Friday, December 28, 2018

A Voyage of Discovery

HMS Beagle

HMS Beagle

"There is grandeur in this view of life ...
from so simple a beginning,
endless forms most beautiful and most wonderful have been,
and are being, evolved."

Charles Darwin

In his encyclical Humani Generis (1950),
my predecessor Pius XII has already affirmed
 that there is no conflict between evolution
and the doctrine of the faith regarding man and his vocation,
provided that we do not lose sight of certain fixed points.

Pope John Paul II 1996

Yesterday marked the anniversary of the departure in 1831 of the HMS Beagle on an epic voyage with Charles Darwin aboard. Darwin spent two months in Devonport, England, waiting for the weather to improve so that the Beagle could begin its journey to South America. Darwin later wrote that those two months were "The most miserable which I ever spent." I've visited this harbour but wasn't aware that it was the site for the beginning of such a world-changing voyage.

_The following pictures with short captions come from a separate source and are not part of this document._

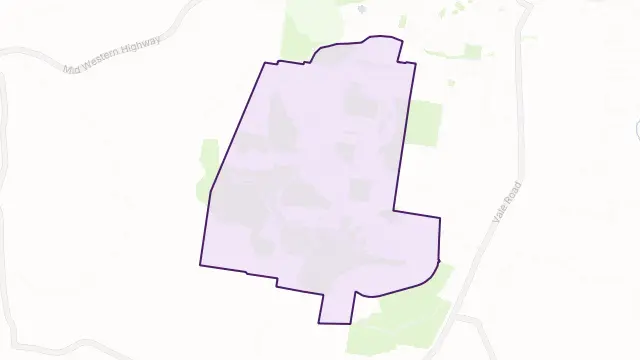 Mount Panorama Area Boundary Map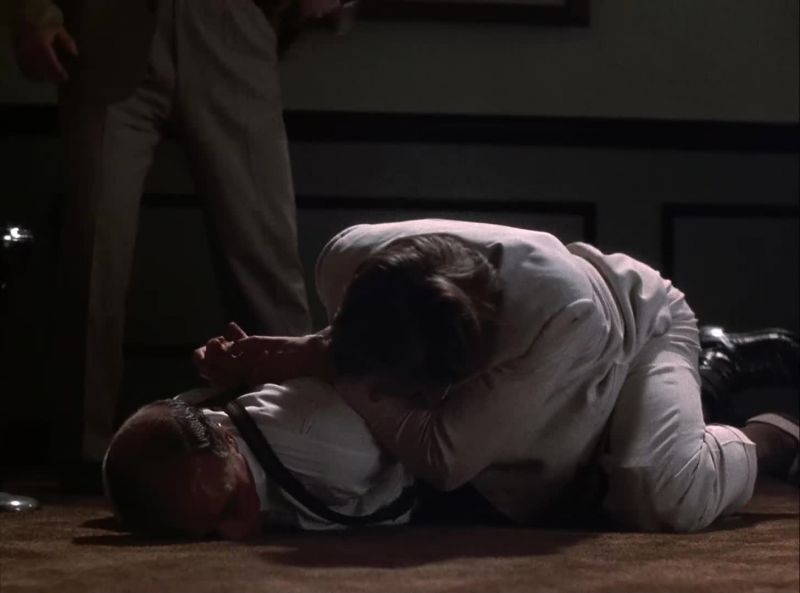 Take it easy, you're gonna break his arm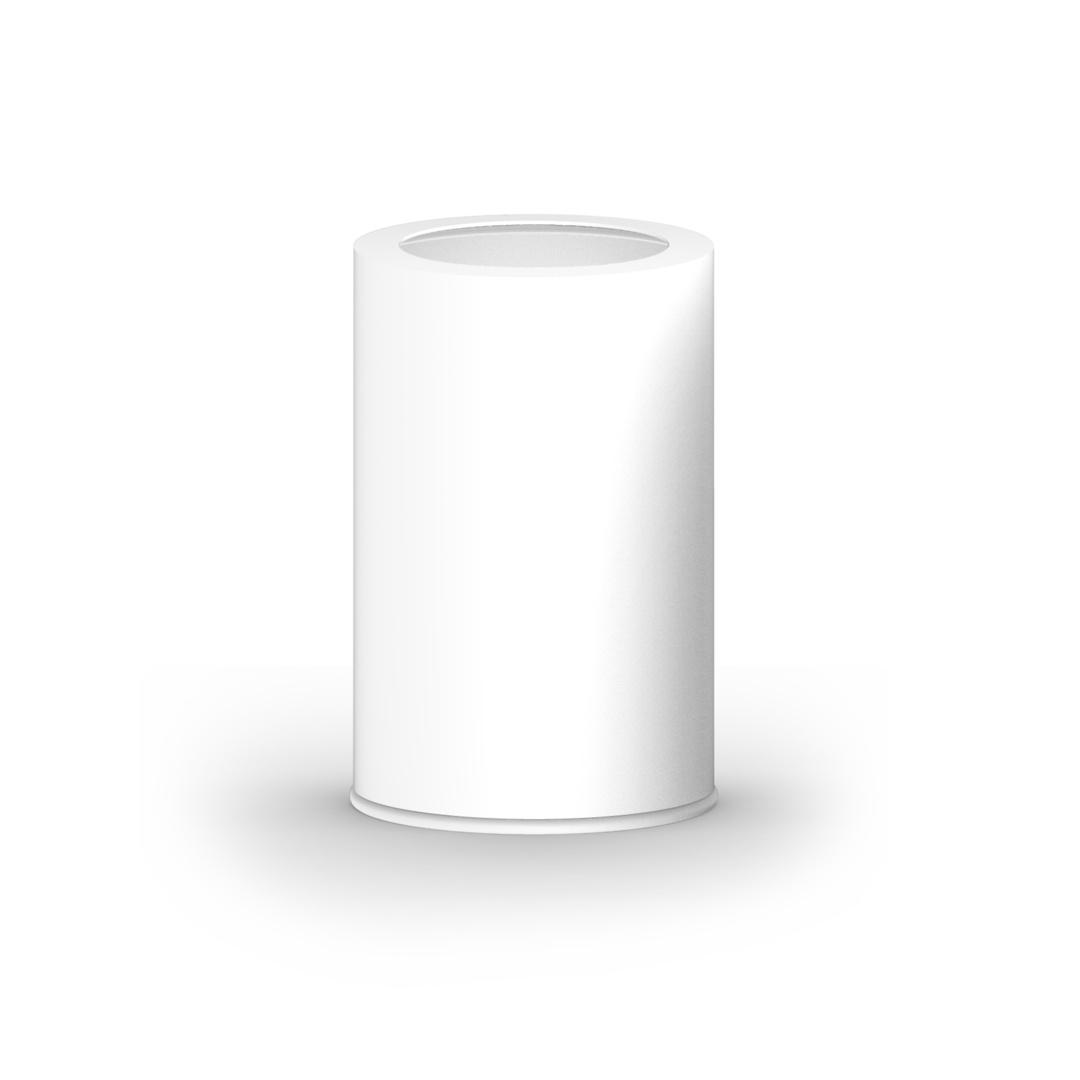 DW ROOMS Waste bin - White Matte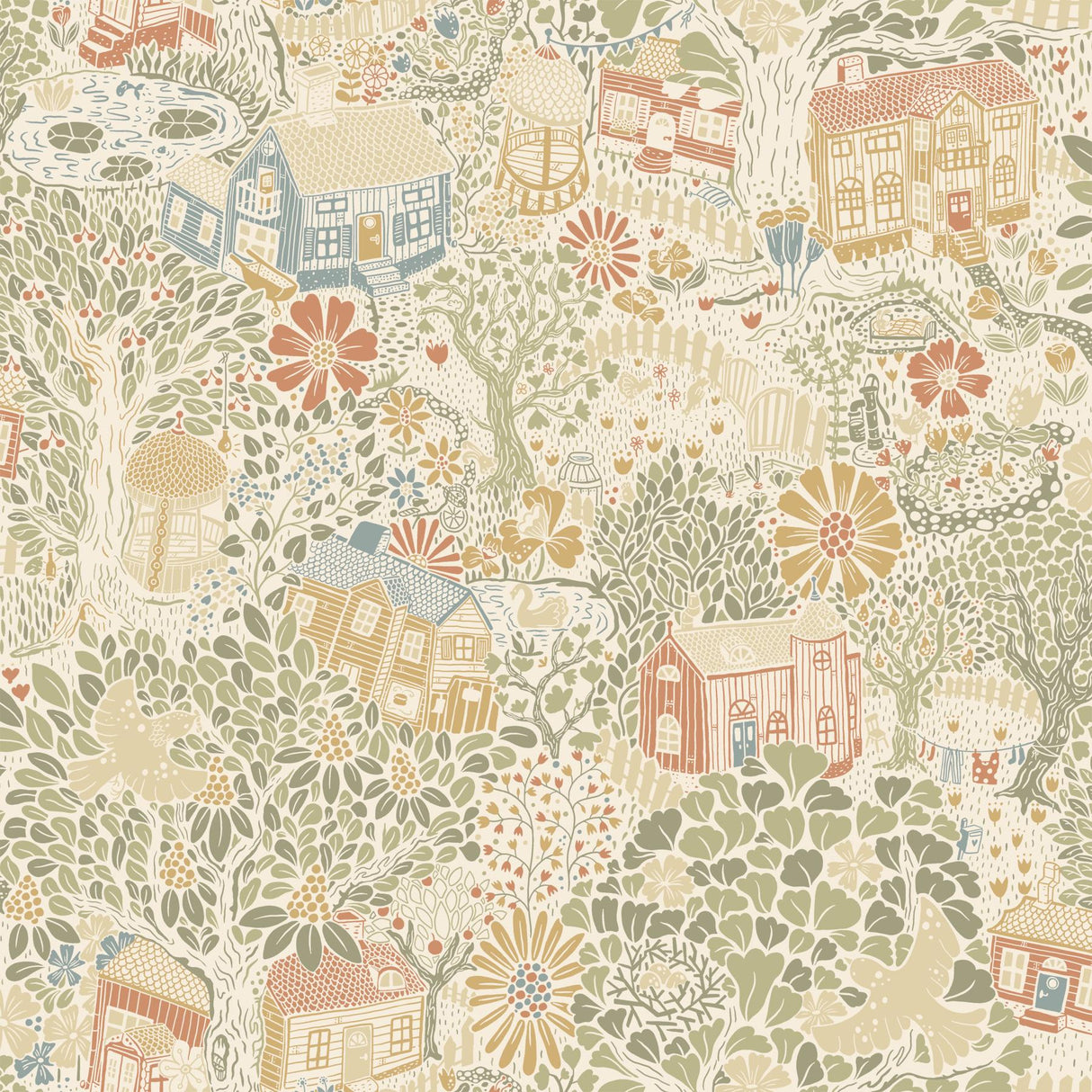York Wallcoverings Bygga Bo Neutral Wallpaper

Darwin's daughter, Annie, died shortly after her 10th birthday;
he was too overcome with grief to attend her funeral.

You may be aware that Darwin's Christian faith evaporated after the death of a daughter, although his wife Emma remained devout throughout her lifetime. Darwin may have held back on publishing his controversial theory of evolution for twenty years because he didn't want to offend Emma, whom he loved greatly.

While some fundamentalist Christians are adamant about a six-day Creation, the majority of Christians now choose to accept evolution even as they affirm God as Creator. I'm one of them and it is certainly part of the United Church ethos.  It interesting that the first Roman Catholic statement about this reconciliation was made in 1950. Here is a portion of the Song of Faith "creed" of the United Church of Canada.

God is creative and self-giving,
   generously moving
   in all the near and distant corners of the universe.
Nothing exists that does not find its source in God.
Our first response to God’s providence is gratitude.
We sing thanksgiving.

Finding ourselves in a world of beauty and mystery,
   of living things, diverse and interdependent,
   of complex patterns of growth and evolution,
   of subatomic particles and cosmic swirls,
we sing of God the Creator,
the Maker and Source of all that is.